Everett L. Worthington Jr.

Everett L. Worthington, Jr., Ph.D., is Commonwealth Professor Emeritus working from the Department of Psychology at Virginia Commonwealth University (VCU; the largest state university in Virginia). He is also a licensed clinical psychologist in Virginia. He has published over 38 books and 440 articles and scholarly chapters, mostly on forgiveness, marriage, and family topics. He does over 20 workshops and makes over 60 other talks annually in venues all over the world. He is regularly in media. He is a past president of the American Psychological Association (APA) Division 36 (Society for the Psychology of Religion and Spirituality), and a clinical fellow of the Association for Psychological Science and two divisions of the APA (Div 17, Counseling; Div 36). He won VCU’s annual top award for teaching, research, and service—VCU’s Award for Excellence—in 2009 and several organizations’ top awards. He was awarded a Doctorate of Humane Letters from Pepperdine University in 2014. He was awarded VCU’s top academic recognition, Commonwealth Professor, in 2015. In 2016, the State Council of Higher Education in Virginia recognized him as one of 13 Outstanding Professors in the Commonwealth (selected from all disciplines). He also won the Humanitarian Award from the Association for Spiritual, Ethical, and Religious Values in Counseling (ASERVIC), a division of the American Counseling Association, in 2017.
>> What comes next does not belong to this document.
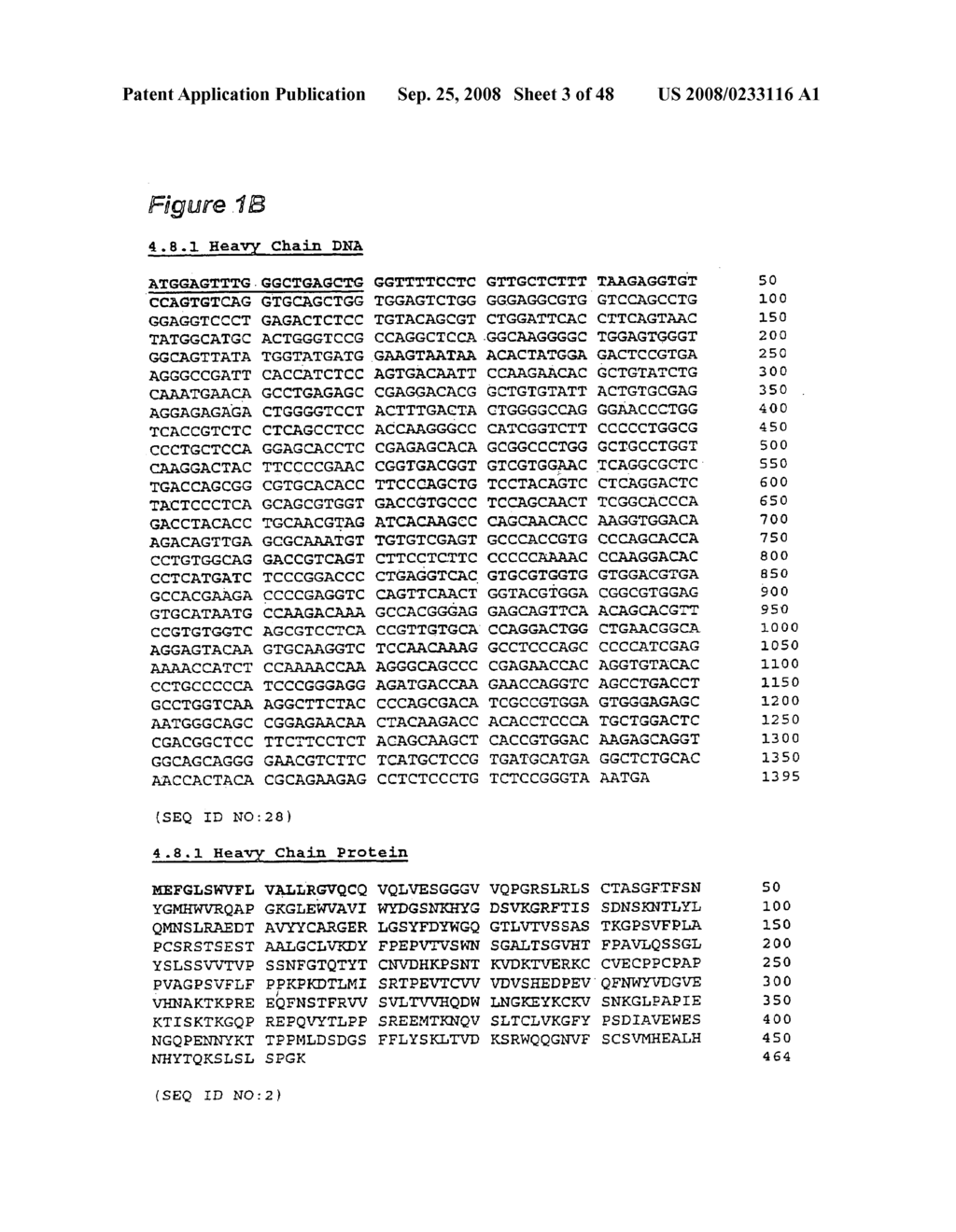 Human monoclonal antibodies to CTLA-4 - diagram, schematic, and image 04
He became interested in forgiveness through his practice in couple counseling, and he began conducting research on forgiveness in 1990 but writing about its clinical uses in the 1980s. In the last 30 years, he has studied forgiveness, justice, faith, and a variety of virtues under the general rubric of positive psychology. He became interested in their relationship after his mother’s murder and brother’s subsequent suicide. Get free resources on promoting forgiveness at www.EvWorthington-forgiveness.com.

He has studied a variety of topics relevant to positive psychology, the branch of psychology dealing with virtue for self and other. These include forgiveness, humility, gratitude, mercy, inspiration, marriage enrichment, altruism, love, and religion and spirituality. Recently he has studied and written most about forgiveness and humility. (Yes, he studies other people!) He attributes his success to the many wonderful students and colleagues he has had the privilege of working with over the years.